Cotton and insurance
Any crops you’ve looked at that needs additional tweaking in the FOR system? Does cotton hold up like grains would?
“Historically, cotton was under these types of programs. In our model, we didn’t change the policies. We kept LDPs in for cotton and rice, although not direct payments. That’s because we couldn’t make the budgets work without that.
“On the other hand, those account for a relatively small portion of the total pie. So, yes, there is the need for tweaks since cotton is unique since it isn’t eaten. If its price changes, it certainly affects the profit of a farm but nobody starves.
“As for rice, the United States isn’t a big rice-eating nation. While we’re a small producer in the world, our rice exports are relatively large.
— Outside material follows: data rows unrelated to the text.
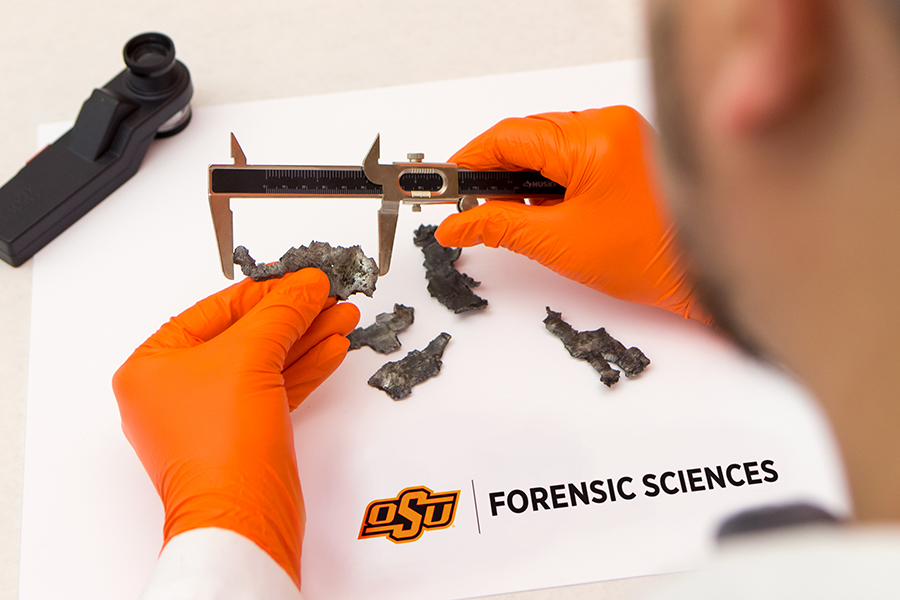 Someone studying forensic evidence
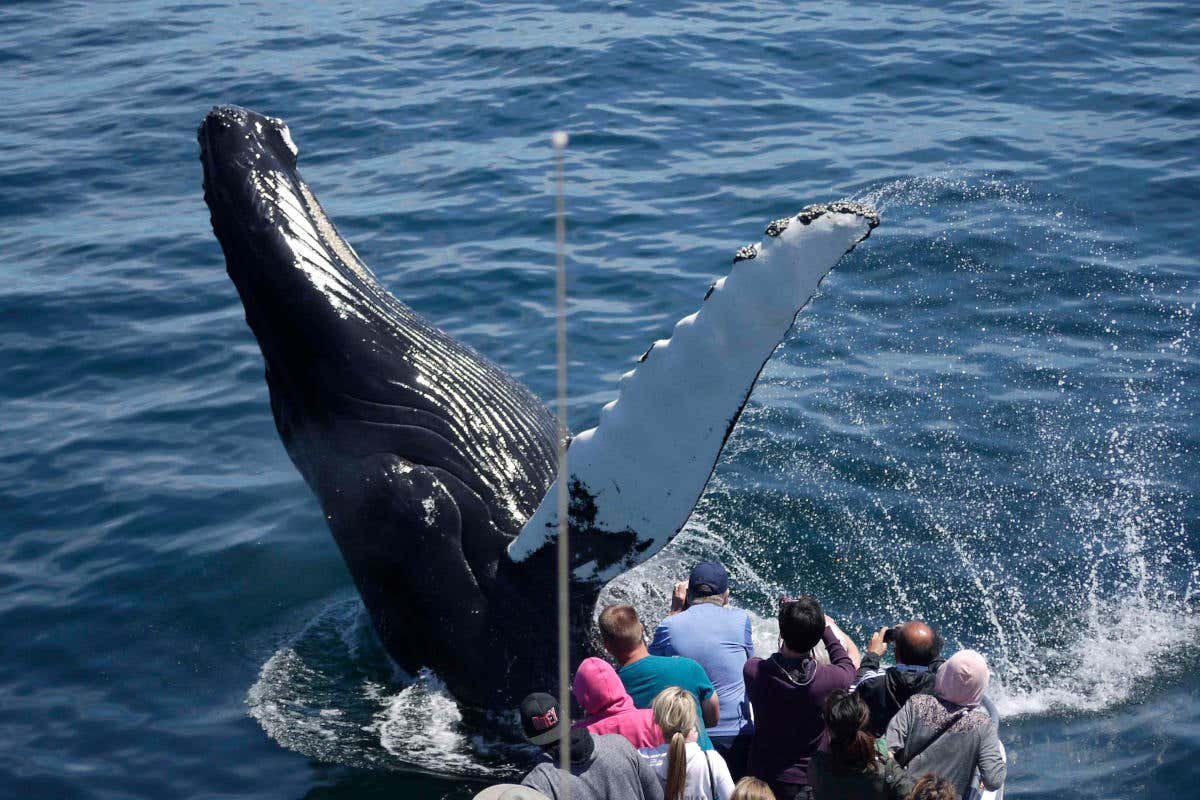 Boston Whale Watching Cruise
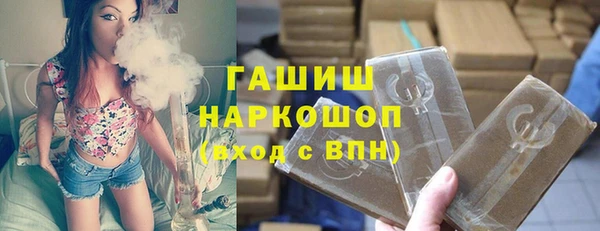 сатива Каменка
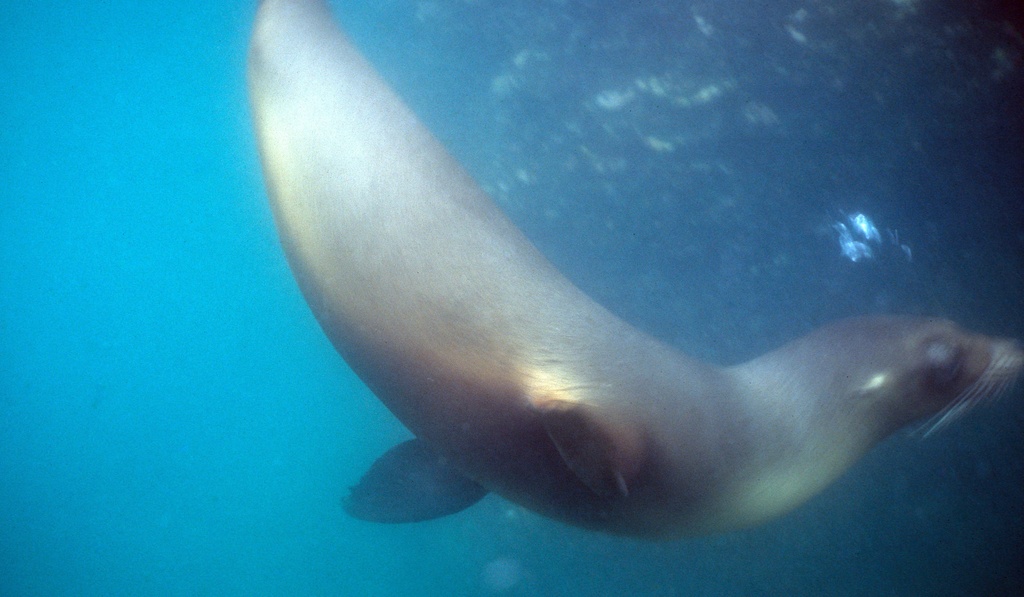 a sea lion swimming underwater with only one eye open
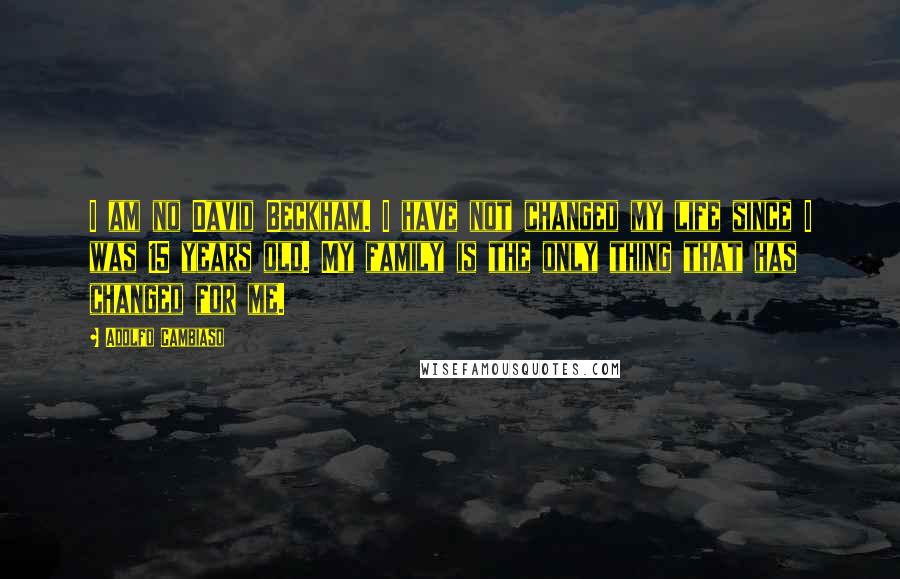 Adolfo Cambiaso Quotes: I am no David Beckham. I have not changed my life since I was 15 years old. My family is the only thing that has changed for me.
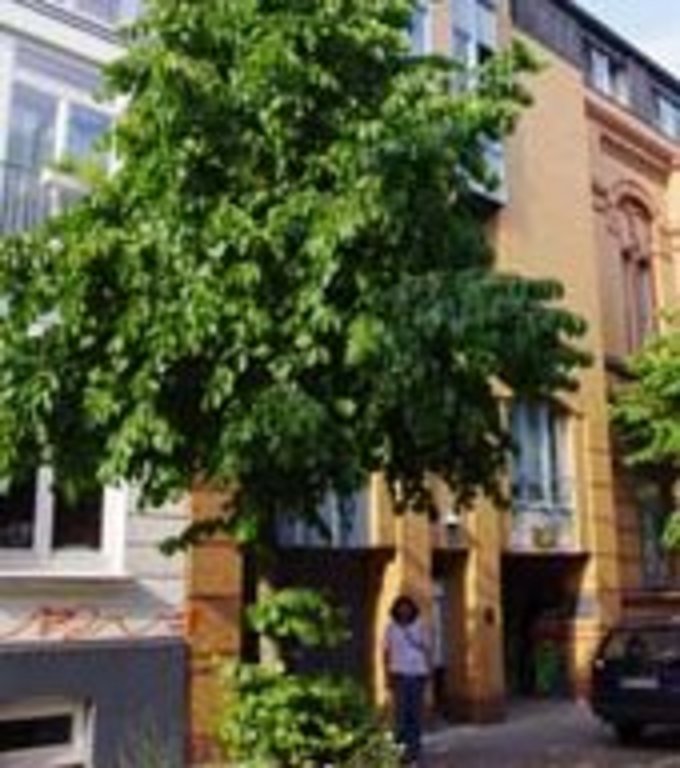 Baum vor mehrstöckigem Wohngebäude und geparktem Auto
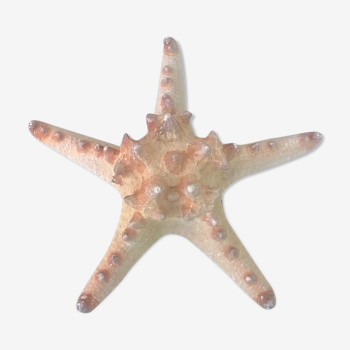 Authentic starfish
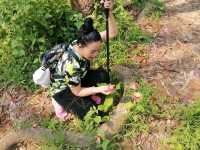 ภูกระดึง  ช่วงเดือนเมษายน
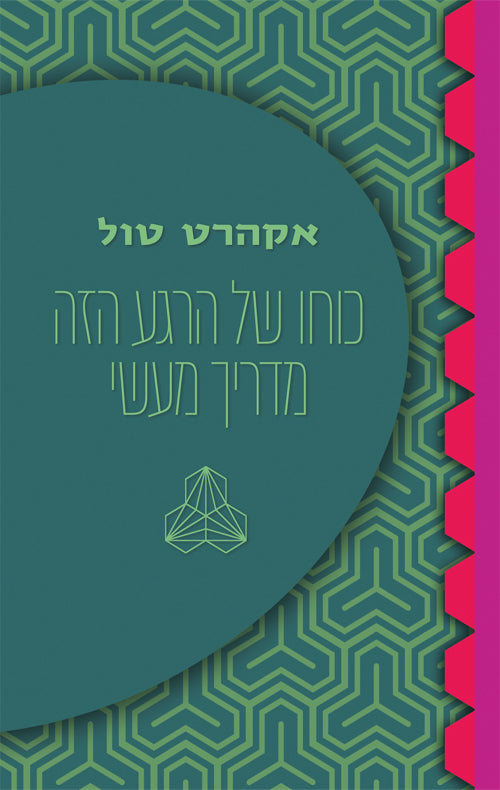 The Power of Now Practical Guide - Eckhart Tolle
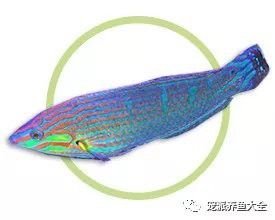 海水龍魚圖片大全大圖欣賞 海水龍魚圖片大全大圖欣賞 龍魚百科 第31張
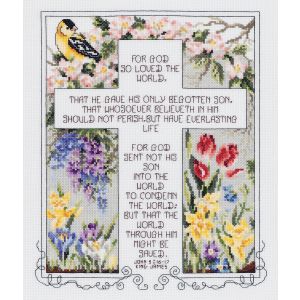 Janlynn Counted Cross Stitch Kit 10.25X12.25-John 3:16-17 (14 Count) (Pack of 1)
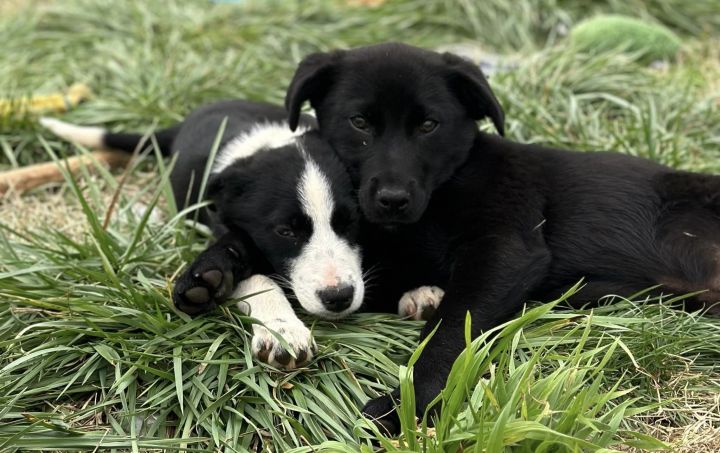 Dog for adoption - Spirit $395, a Black Labrador Retriever Mix in Seneca,  SC | Petfinder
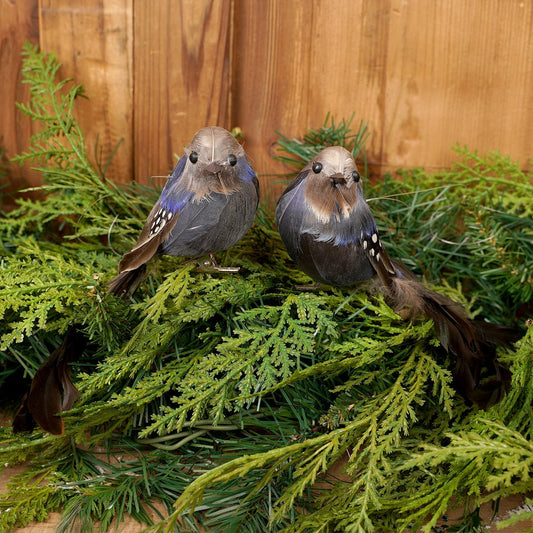 Blue Natural Bird Clip Ornament - Christmas Place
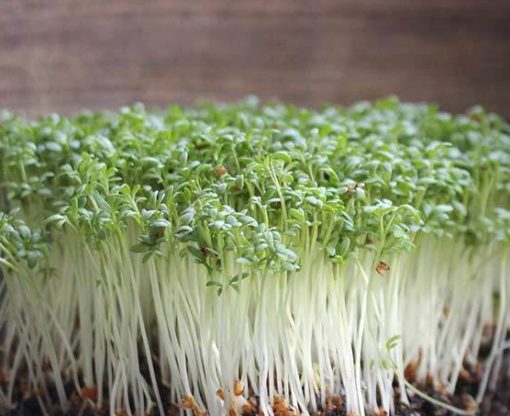 Cress | Vitality Farms | Lakeland, FL | microgreens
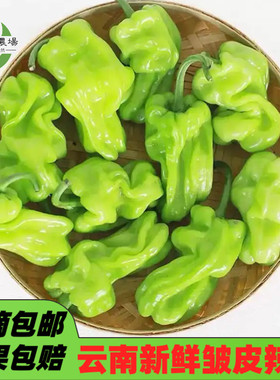 云南现摘新鲜皱皮辣椒清脆辣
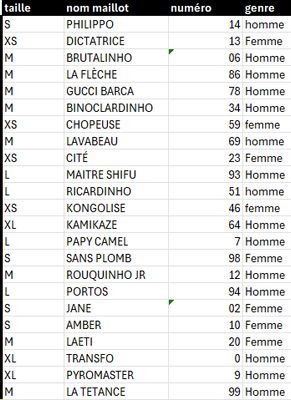 Lot de 23 maillots "La Meute" modifiés + 1 maillot Camel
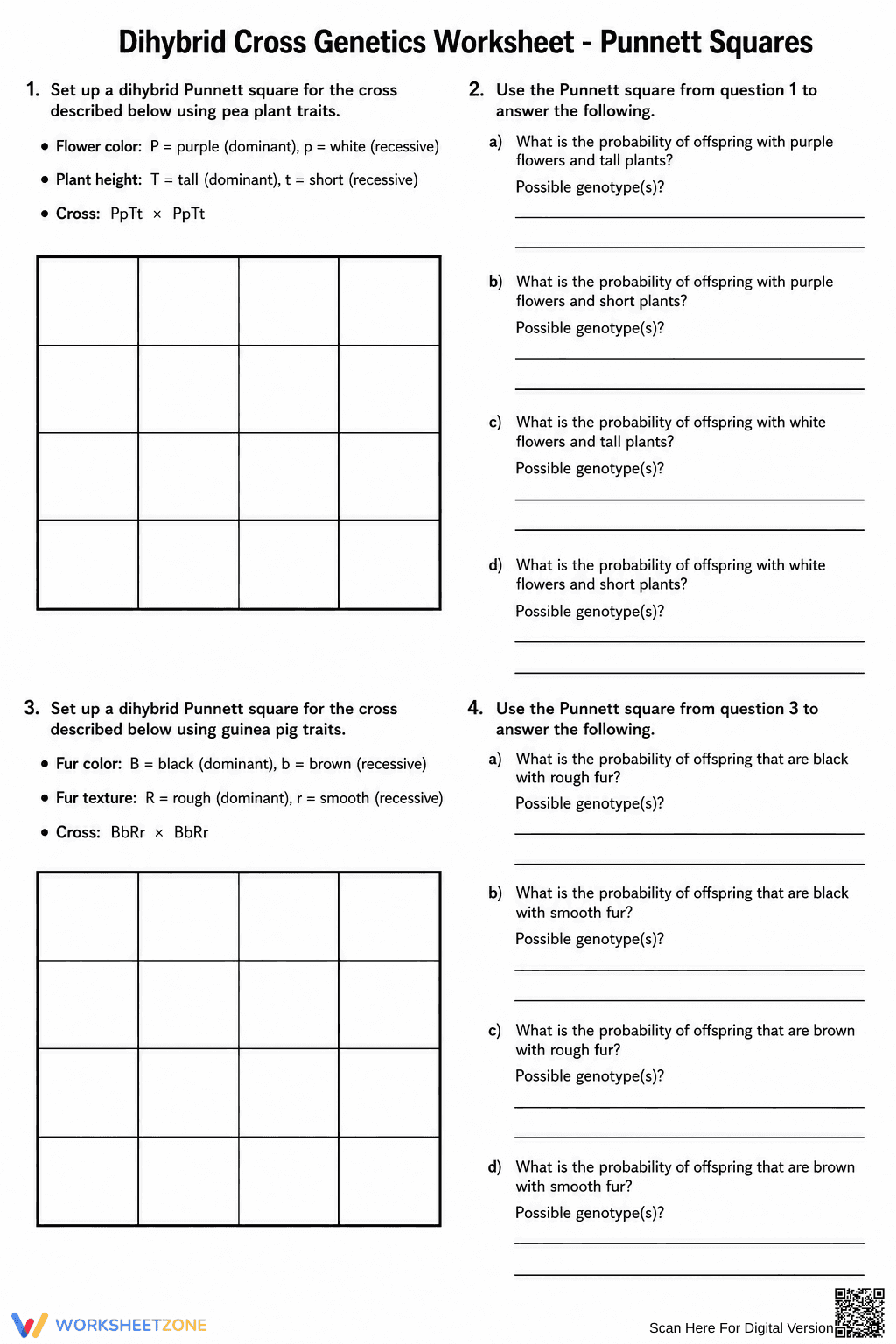 Essential Dihybrid Cross Worksheet | Grade 9-11 Biology - Page 1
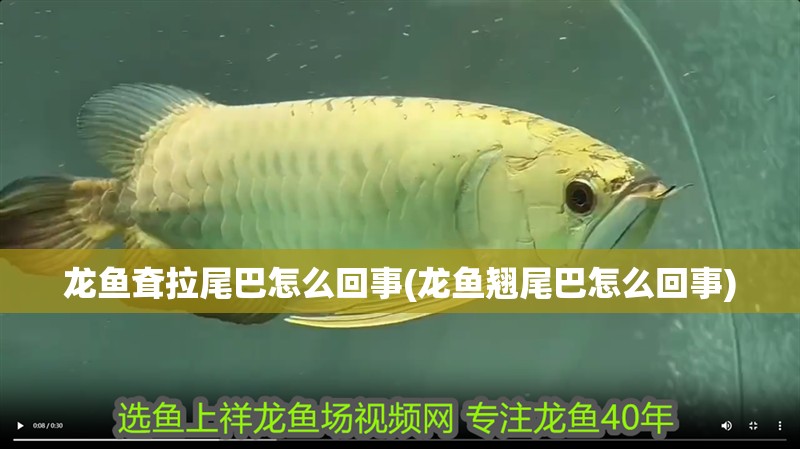 龍魚耷拉尾巴怎么回事(龍魚翹尾巴怎么回事)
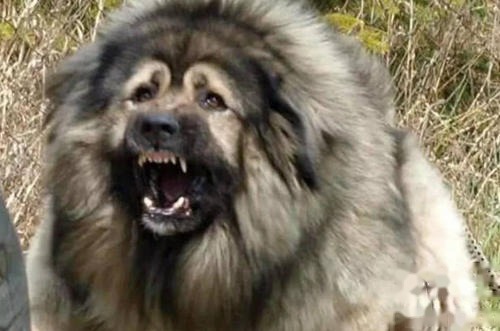高加索犬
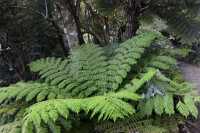 094 Fougère - Queen Charlotte Sound - Anakiwa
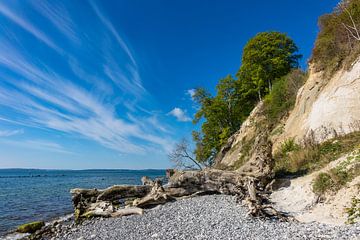 Chalk cliff on shore of the Baltic Sea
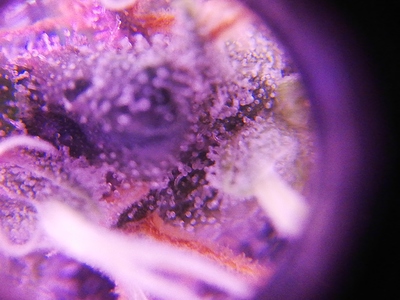 Growreport Bild 13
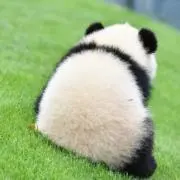 さくらもちの画像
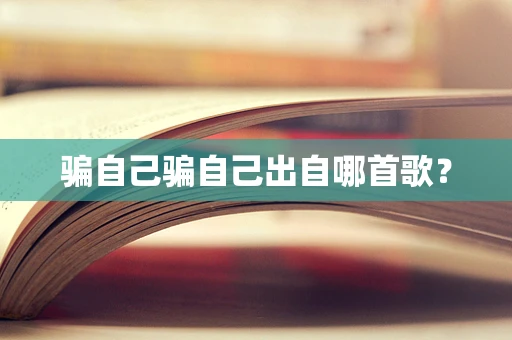 骗自己骗自己出自哪首歌？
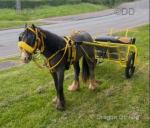 Mini half bred mare pony 3 year old 10hh. Proper kids pony. 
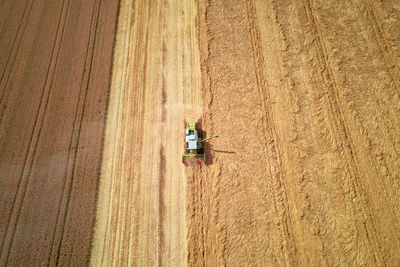 Aerial view of working harvesting combine in wheat field, harvest season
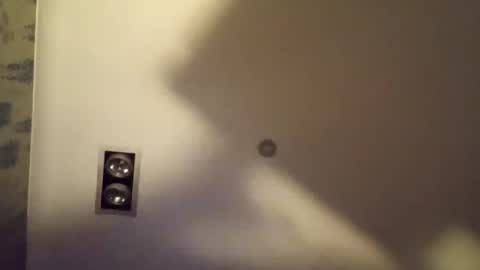 h_rd333 online show from December 15, 1:19 pm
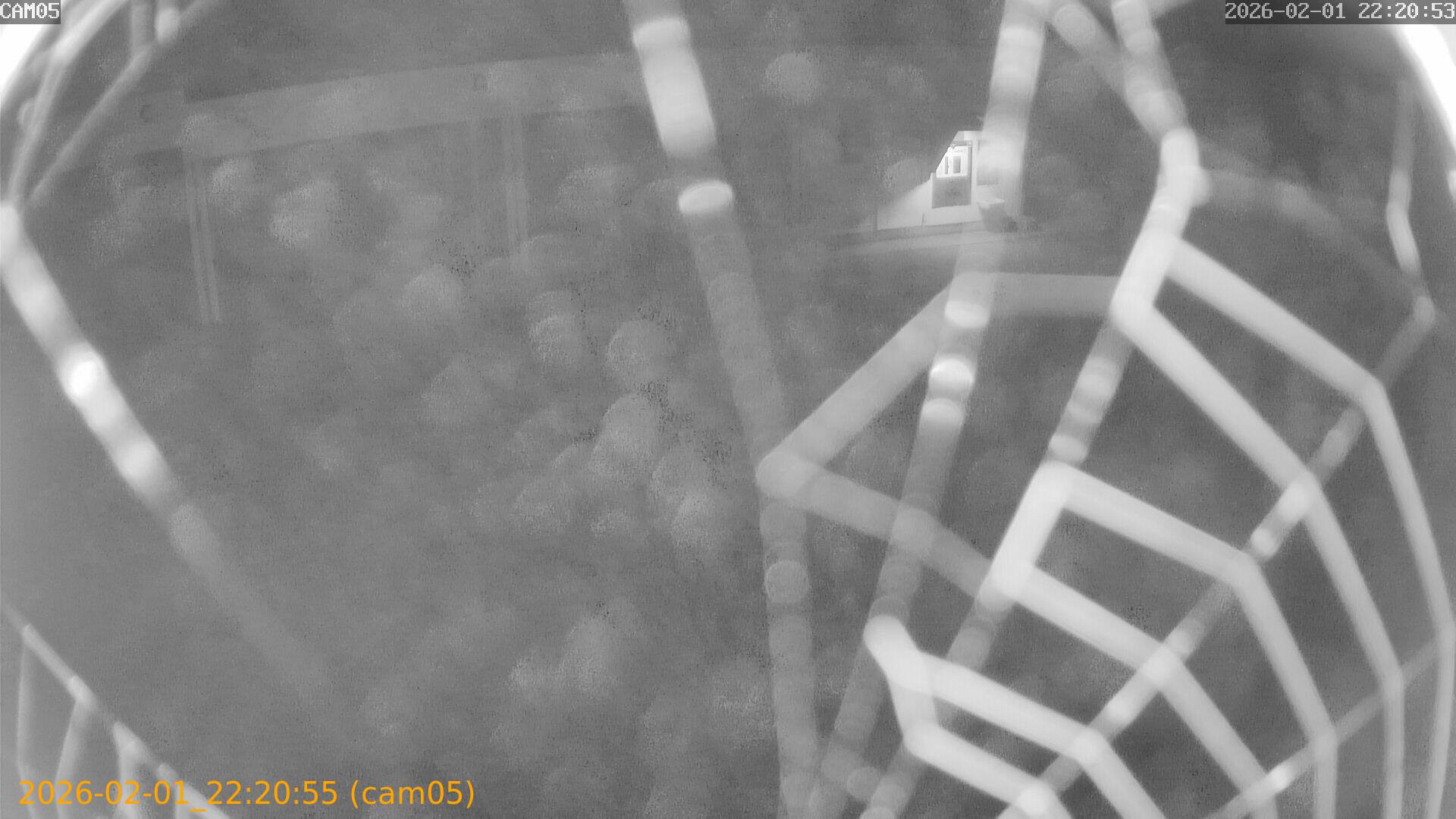 thumbnail_20260201222055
In China, by contrast, they eat almost all the rice they produce and export almost none.”
“We believe the FOR system would be of great benefit to farmers. It would certainly reduce the cost of the revenue insurance they have. That’s because such insures against two kinds of risk: risk of price and risk of production.
“This would reduce the price risk significantly. Therefore, revenue insurance would have to mostly handle the production risk premium.
“So, it should have a positive impact on revenue insurance and crop insurance costs.”